Разлив кофе с глубоким страданием на лице, хозяйка поспешила выйти из комнаты, и ее муж полусмущенно-полуукоризненно сказал мне, что этот портрет Гете принадлежит его жене и что она его особенно любит.

– И даже будь вы объективно правы, чего я, кстати, не считаю, вам не следовало выражаться так резко.

– Тут вы правы, – признал я. – К сожалению, это моя привычка, мой порок – выбирать всегда как можно более резкие выражения, что, кстати, делал и Гете в лучшие свои часы. Конечно, этот слащавый, обывательский, салонный Гете никогда не употребил бы резкого, меткого, точного выражения. Прошу прощения у вас и у вашей жены – скажите ей, что я шизофреник. А заодно позвольте откланяться.

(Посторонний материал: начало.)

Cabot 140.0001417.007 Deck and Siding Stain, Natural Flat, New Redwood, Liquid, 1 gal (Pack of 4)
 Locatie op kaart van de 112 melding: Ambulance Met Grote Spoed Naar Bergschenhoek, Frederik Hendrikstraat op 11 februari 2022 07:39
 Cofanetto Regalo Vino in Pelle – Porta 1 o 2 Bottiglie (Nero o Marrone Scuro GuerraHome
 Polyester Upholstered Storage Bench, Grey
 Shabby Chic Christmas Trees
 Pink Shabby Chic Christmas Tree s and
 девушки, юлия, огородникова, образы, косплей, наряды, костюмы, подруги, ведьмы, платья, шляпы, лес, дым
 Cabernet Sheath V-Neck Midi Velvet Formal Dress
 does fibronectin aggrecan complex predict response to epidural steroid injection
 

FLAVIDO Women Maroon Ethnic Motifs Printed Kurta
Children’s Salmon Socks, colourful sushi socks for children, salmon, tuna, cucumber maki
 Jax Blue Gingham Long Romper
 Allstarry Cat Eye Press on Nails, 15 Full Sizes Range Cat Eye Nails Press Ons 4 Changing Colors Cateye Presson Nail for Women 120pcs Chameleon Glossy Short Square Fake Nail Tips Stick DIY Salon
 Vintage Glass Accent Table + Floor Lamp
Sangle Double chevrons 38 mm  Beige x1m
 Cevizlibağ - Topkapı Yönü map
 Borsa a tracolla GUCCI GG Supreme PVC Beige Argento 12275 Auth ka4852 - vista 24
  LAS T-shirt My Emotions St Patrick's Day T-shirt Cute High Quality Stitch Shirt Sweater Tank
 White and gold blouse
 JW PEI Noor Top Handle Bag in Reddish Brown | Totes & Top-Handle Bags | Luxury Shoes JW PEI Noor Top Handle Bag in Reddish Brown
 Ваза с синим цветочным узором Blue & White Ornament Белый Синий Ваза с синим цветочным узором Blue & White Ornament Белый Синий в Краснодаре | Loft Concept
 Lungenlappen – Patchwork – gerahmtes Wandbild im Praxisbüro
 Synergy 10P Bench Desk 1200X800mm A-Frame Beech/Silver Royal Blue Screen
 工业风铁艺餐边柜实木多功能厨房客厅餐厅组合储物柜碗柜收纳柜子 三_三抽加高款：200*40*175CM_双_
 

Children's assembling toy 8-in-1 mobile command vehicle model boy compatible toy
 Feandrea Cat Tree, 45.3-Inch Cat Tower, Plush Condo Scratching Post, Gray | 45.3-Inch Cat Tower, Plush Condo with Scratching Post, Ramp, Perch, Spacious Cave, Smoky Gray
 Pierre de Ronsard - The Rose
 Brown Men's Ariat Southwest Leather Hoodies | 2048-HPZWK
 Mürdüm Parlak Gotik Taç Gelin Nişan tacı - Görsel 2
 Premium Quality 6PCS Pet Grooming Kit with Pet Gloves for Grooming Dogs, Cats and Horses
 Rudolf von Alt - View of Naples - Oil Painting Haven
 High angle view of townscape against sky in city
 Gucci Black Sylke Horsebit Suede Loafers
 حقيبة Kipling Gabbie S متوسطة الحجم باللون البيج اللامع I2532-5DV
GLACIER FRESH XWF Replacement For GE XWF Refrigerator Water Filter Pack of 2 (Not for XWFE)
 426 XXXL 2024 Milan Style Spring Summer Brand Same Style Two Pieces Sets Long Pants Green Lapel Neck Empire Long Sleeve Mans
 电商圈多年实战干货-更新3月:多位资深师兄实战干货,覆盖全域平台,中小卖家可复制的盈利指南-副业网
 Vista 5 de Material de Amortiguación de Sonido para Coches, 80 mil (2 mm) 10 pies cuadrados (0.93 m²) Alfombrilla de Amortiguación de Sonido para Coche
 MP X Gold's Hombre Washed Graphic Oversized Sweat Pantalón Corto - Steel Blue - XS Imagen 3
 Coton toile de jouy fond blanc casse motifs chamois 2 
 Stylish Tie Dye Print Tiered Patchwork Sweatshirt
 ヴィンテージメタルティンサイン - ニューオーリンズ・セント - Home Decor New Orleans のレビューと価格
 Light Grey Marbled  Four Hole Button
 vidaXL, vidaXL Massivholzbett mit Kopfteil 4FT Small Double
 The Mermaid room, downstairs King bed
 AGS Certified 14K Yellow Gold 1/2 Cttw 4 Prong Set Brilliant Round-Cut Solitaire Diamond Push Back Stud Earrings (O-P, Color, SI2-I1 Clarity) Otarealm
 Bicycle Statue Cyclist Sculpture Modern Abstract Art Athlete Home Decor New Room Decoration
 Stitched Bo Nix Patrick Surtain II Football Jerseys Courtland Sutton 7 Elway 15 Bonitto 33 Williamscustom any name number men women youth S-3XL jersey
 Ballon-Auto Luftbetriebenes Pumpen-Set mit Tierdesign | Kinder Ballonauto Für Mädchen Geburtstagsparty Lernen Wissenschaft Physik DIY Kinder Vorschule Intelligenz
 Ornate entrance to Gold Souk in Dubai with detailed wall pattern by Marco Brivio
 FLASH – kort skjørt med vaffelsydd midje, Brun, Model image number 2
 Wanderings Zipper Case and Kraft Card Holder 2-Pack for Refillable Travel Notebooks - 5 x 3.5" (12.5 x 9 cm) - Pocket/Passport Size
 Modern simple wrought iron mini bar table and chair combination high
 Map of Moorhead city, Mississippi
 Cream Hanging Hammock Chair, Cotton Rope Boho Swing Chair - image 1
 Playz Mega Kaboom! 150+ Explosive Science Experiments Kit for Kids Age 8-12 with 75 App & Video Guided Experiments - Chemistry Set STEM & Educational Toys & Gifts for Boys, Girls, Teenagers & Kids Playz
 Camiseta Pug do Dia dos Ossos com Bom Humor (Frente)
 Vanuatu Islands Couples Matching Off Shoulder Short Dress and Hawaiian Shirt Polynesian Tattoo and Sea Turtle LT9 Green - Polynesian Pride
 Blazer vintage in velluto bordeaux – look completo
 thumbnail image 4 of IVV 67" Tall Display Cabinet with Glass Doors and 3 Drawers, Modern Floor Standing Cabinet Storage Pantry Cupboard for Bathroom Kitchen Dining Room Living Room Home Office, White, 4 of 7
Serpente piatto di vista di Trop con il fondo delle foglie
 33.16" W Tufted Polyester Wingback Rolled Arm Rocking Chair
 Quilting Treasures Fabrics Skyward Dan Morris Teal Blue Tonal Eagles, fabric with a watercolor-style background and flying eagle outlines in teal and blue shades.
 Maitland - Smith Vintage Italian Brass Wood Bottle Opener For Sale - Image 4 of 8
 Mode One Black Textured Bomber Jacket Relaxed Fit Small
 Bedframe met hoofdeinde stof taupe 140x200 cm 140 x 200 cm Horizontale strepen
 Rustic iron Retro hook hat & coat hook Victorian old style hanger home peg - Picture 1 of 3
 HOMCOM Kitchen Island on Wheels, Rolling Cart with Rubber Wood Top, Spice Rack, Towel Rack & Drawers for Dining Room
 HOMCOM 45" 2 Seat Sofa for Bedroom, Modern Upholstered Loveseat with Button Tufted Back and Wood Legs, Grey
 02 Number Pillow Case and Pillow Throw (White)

Ошарашенный хозяин попытался было возразить, снова заговорил о том, как прекрасны и интересны были прежние наши беседы, и что мои догадки насчет Митры и Кришны произвели на него тогда глубокое впечатление, и что он надеялся сегодня опять… и так далее. Я поблагодарил его и сказал, что это очень любезные слова, но, увы, у меня начисто пропал интерес к Кришне и охота вести ученые разговоры, и сегодня я врал ему многократно, например, в этом городе я нахожусь не несколько дней, а несколько месяцев, но живу уединенно и уже не могу бывать в приличных домах, потому что, во-первых, я всегда не в духе и страдаю от подагры, а во-вторых, обычно пьян. Далее, чтобы внести полную ясность и хотя бы уйти не лжецом, я должен заявить уважаемому хозяину, что он меня сегодня очень обидел. Он стал на глупую, тупоумную, достойную какого-нибудь праздного офицера, но не ученого позицию реакционной газетки в отношении взглядов Галлера. А этот Галлер, этот «тип», этот безродный прохвост не кто иной, как я сам, и дела нашей страны и всего мира обстояли бы лучше, если бы хоть те немногие, кто способен думать, взяли сторону разума и любви к миру, вместо того чтобы слепо и исступленно стремиться к новой войне. Так-то, и честь имею.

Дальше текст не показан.